Information given:

'''

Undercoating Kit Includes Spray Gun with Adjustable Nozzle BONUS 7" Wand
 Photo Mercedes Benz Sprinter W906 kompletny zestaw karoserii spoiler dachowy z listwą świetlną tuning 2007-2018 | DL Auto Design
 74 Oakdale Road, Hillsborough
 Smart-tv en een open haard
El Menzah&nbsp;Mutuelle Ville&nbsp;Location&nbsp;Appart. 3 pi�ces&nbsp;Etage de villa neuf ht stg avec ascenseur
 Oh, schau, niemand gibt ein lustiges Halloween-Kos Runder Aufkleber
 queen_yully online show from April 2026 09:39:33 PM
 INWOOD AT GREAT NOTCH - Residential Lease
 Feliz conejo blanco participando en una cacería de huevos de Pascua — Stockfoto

'''

Task statement:
Every entry must be printed again, exactly as it reads.

Your solution:
Undercoating Kit Includes Spray Gun with Adjustable Nozzle BONUS 7" Wand
 Photo Mercedes Benz Sprinter W906 kompletny zestaw karoserii spoiler dachowy z listwą świetlną tuning 2007-2018 | DL Auto Design
 74 Oakdale Road, Hillsborough
 Smart-tv en een open haard
El Menzah&nbsp;Mutuelle Ville&nbsp;Location&nbsp;Appart. 3 pi�ces&nbsp;Etage de villa neuf ht stg avec ascenseur
 Oh, schau, niemand gibt ein lustiges Halloween-Kos Runder Aufkleber
 queen_yully online show from April 2026 09:39:33 PM
 INWOOD AT GREAT NOTCH - Residential Lease
 Feliz conejo blanco participando en una cacería de huevos de Pascua — Stockfoto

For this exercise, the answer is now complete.